[Review] Party Hard, Die Young
“School’s out!” the screen tells us as it shows an island that’s filled to the brim with partying high school and college students. “Each year, thousands of young adults meet to celebrate for an entire week. A party they will never forget.”
The island is thumping along to an electro track as crazy lights, fireworks and pyrotechnics fill the night sky. Young men and women are kissing, dancing and grinding on the dance floor as a DJ spins their EDM directly into their ears. On a superimposed phone screen, we see our group of high school students livestreaming their activities, to include Julia (Elisabeth Wabitsch) sniping a shot of her best friend Jessy (Antonia Moretti) vomiting into a toilet. They are the kind of besties who have plans to go to Vienna in the fall and room together. Except Julia has a secret. She got into a college in Munich and plans to go there instead. She just hasn’t built up the courage to tell her friend, yet.
Unfortunately, while partying at X-Jam (the party of their life!), the nerdy guy Bogi (Markus Freistätter) accidentally spills the beans and in revenge Jessy pops some pills Julia pilfered from her mom. Julia follows suit as Jessy leaves. Later that night, Julia passes out on a neon-lit path and in a hazy, drug-fueled dream she thinks she sees Jessy being chased and attacked by someone with a Papier-mâché smiley face mask.
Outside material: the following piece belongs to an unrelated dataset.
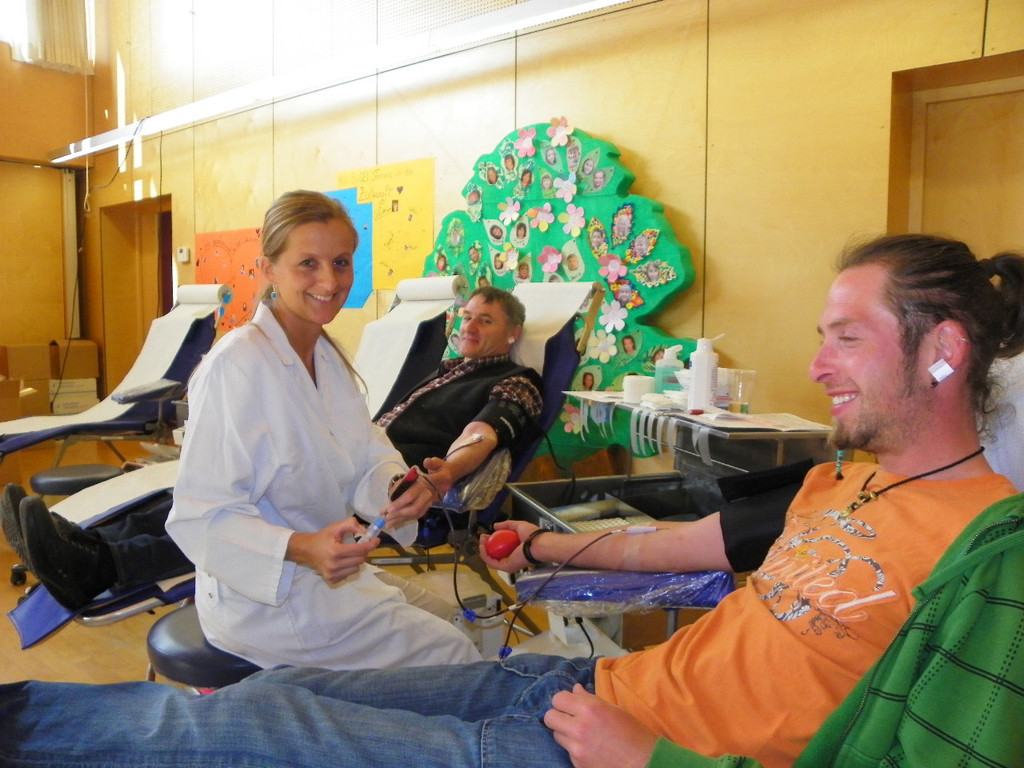 4_5_11 003_jpg-1304837509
Julia wakes up in her bed, unsure how she got there and where Jessy is. Was her vision last night a drug-induced fever dream or is Jessy in trouble? A snapchat picture of Jessy with a white X through her face seems to suggest foul play. No one believes her that someone is picking off our hot coeds one by one. So it’s up to Julia, our plucky amateur detective, to get to the bottom of it.
So Party Hard, Die Young is an Austrian take on a typical slasher film. If you took out the modern trappings, social media and apps, it would fit perfectly with the perfunctory slashers that came out after Scream’s success. It reminds me, in some ways, of I Know What You Did Last Summer in terms of mystery and intent…except that, with few exceptions, the cast is full of completely unlikable characters. Not since the original Unfriended have I watched a cast of terrible human beings get dispatched by some avenging force.
The cast is way too big for us to care about anyone and reminded me how much I dug Head Count (…I still need to review this one…) and the way it handled a cast of ten. Here, the cast is mostly forgettable and relatively nameless. I wrote some names down like Luki and Sammy but I honestly don’t remember much about them except for their little “quirk.” Sammy—closeted. Luki—the chubby kid.
Honestly, the entire cast is full of archetypes that have been lampooned so many times, like in Cabin in the Woods…except on steroids because there’s so many of them. Dumb jocks. Nerds. Chubby-for-a-movie characters. The heroine. The mean girl. You name it, it’s here. And since they are all under-developed, they become mostly fodder in what Ebert would call a “Dead Teenagers Movie.” The characters are almost completely unlikable and as the story continues, their likability factor just keeps dropping to the point that I was actually rooting for the villain by the end.
And yet, this slasher fix for the Snapchat age entertained me throughout and I can’t quite put my finger on why. Maybe it’s because it reminded me how much I miss this subgenre and its whodunnit mystery. It’s certainly filmed really well by Thomas W. Kiennast and has a couple of pretty cool kills. A fun weekend time waster.